Quando se casou, aos 22, Maya escolheu seguir todo mês essa dinâmica, conhecida como a lei da pureza familiar. Ainda assim, não vê sentido em cumprir à risca todos os preceitos judaicos. “Contesto muita coisa”, diz. Vaidosa, não usa peruca e vestimentas que cubram colo, braços e pernas, prática comum entre as judias ortodoxas. “As roupas estereotipam as mulheres e usá-las não faz de nós mais religiosas.”
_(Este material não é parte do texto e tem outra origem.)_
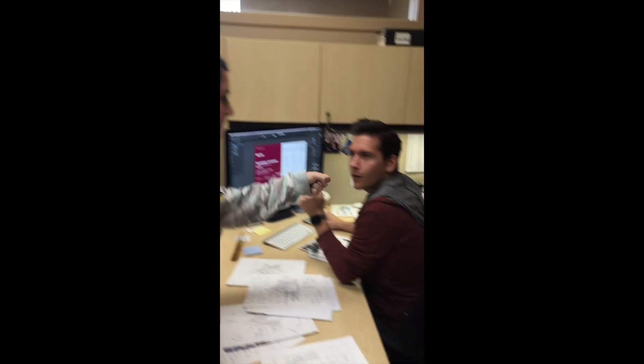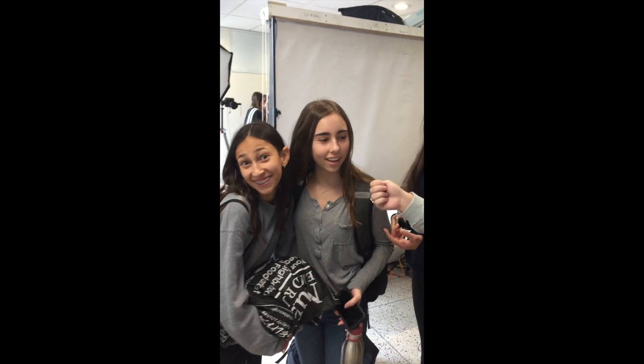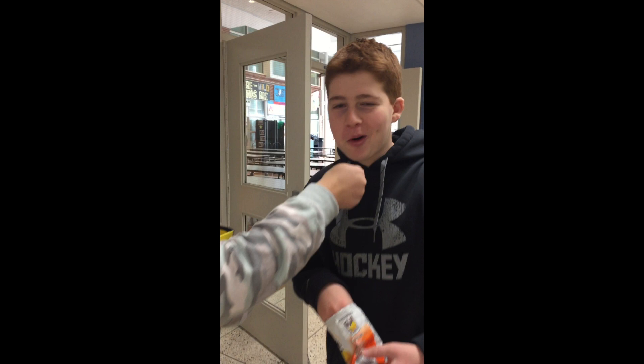How many digits of pi can you name? 3.14. That's it. Thanks, Allie. Not a lot. How many? 3.14, that's it.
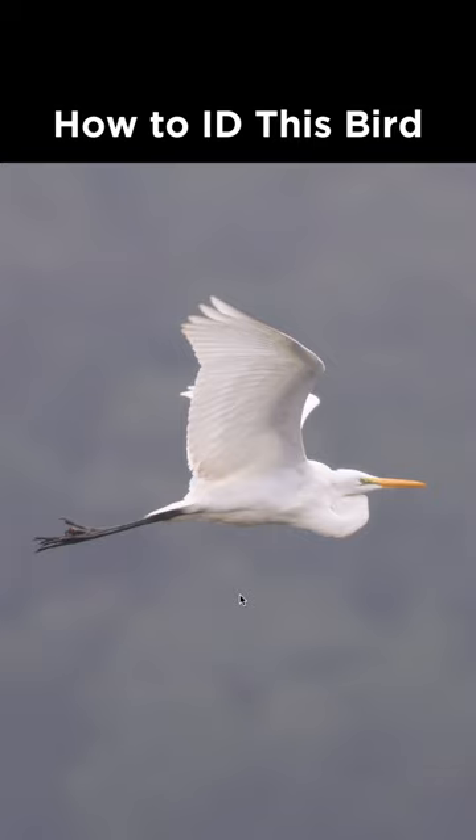How to identify this bird from Pennsylvania during September. Notice the shape is fairly similar to a great blue heron, with the long trailing legs and the long neck that's kind of curled up in front.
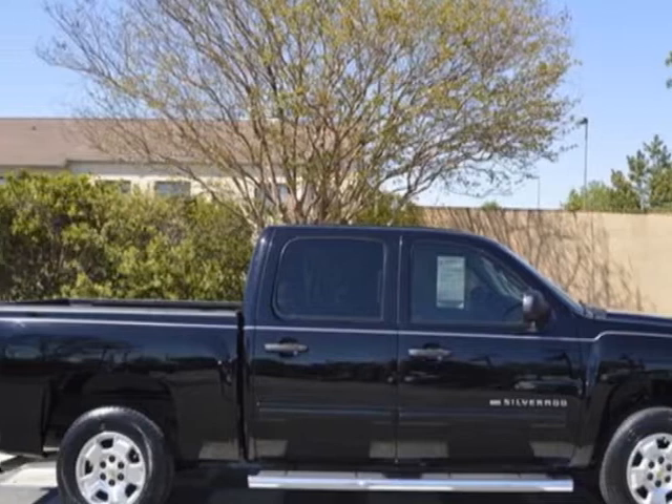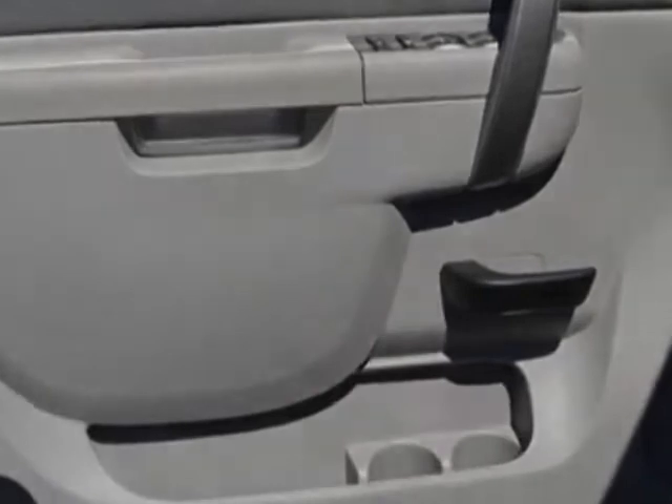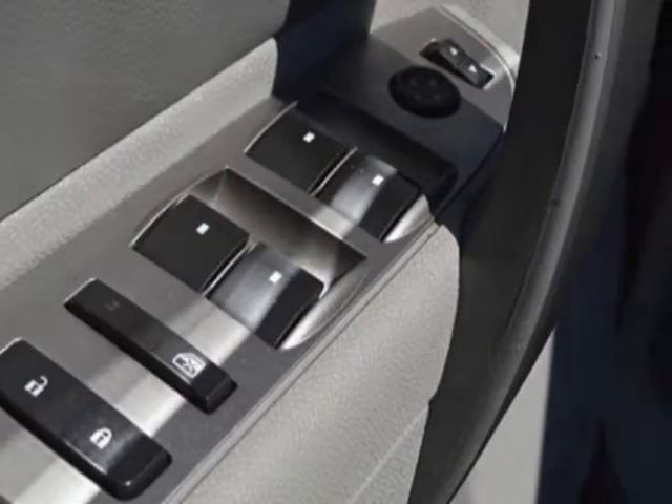Another great feature is that this vehicle uses flex fuel. Additional options for this vehicle include power locks, CD player, tinted windows, and passenger airbag.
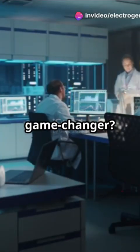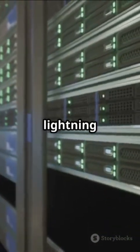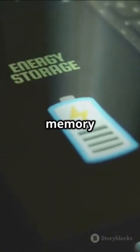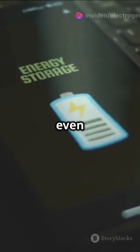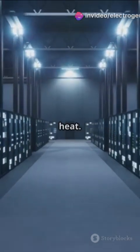Why is spintronics such a game changer? Imagine ultra-fast processing where data moves at lightning speed. It uses way less energy and gives us non-volatile memory, meaning your data stays put even when the power's off. Plus, it offers insane data storage density and better reliability with less heat.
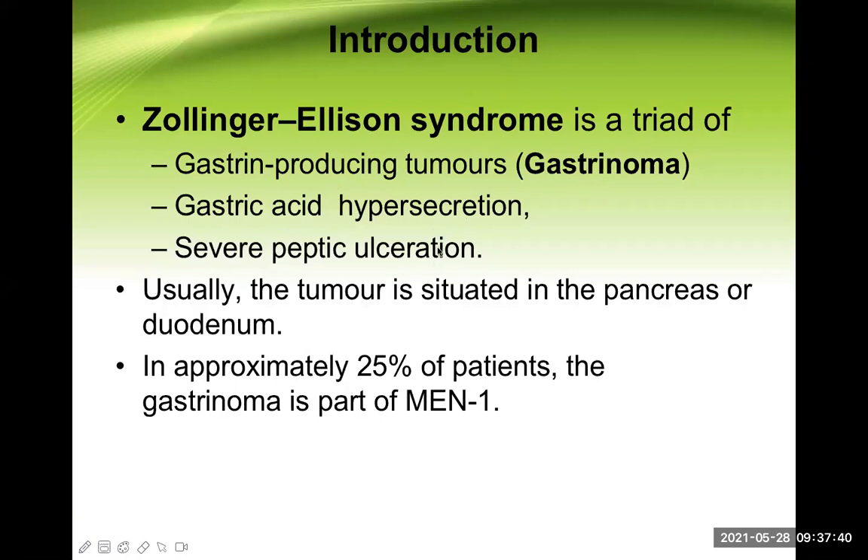An important characteristic feature of this condition is that peptic ulceration doesn't only develop in the stomach or duodenum. It may develop distal to the first part of the duodenum — in the second, third, or fourth part — or even more distally in the jejunum or even the ileum, mainly in the jejunum. This is a very significant point about Zollinger-Ellison syndrome.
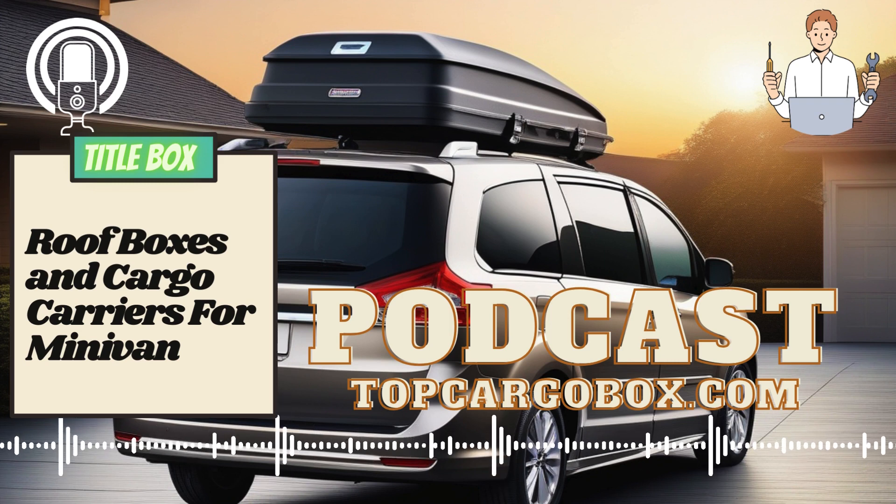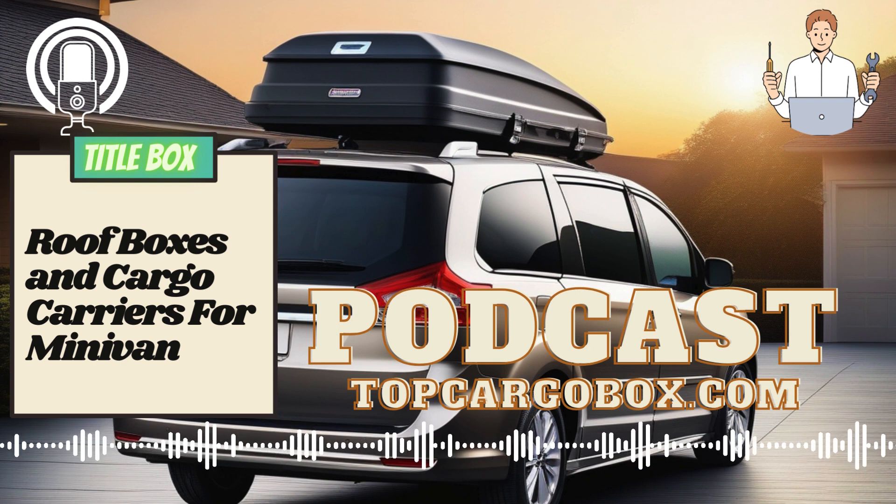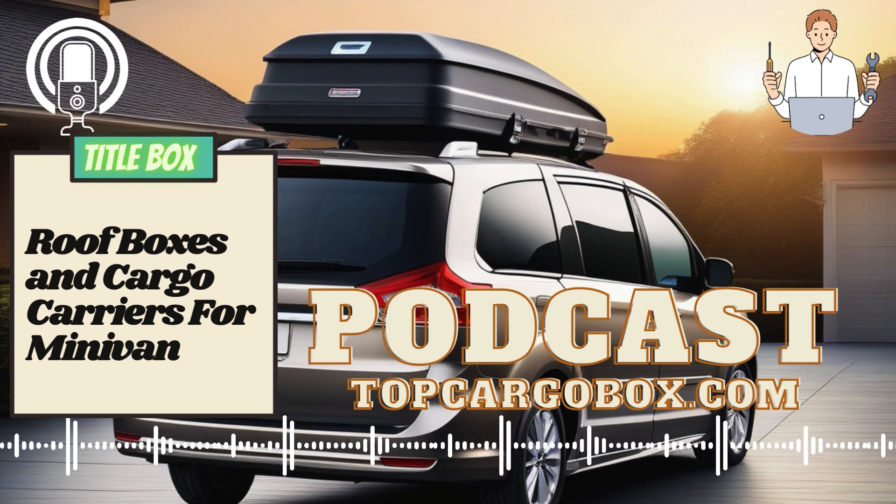Roof boxes and cargo carriers for minivans. Roof boxes and cargo carriers can provide valuable storage space for your minivan, allowing you to maximize the capacity of your vehicle. Whether you're traveling with a large family or simply need extra room for your gear, investing in a roof box or cargo carrier can greatly enhance the functionality of your minivan.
Assim como Maya, Isadora, Soha e Bruna escolheram levar suas vidas de acordo com suas crenças. Mas, independentemente da religião que seguem – judaica, evangélica, muçulmana e umbandista, respectivamente –, as religiosas são sempre vistas como mulheres submissas, que não contestam regras e leis impostas. Dificilmente, a sociedade atribui a elas sucesso, liberdade e poder. Mas é possível conciliar a fé com a vida moderna?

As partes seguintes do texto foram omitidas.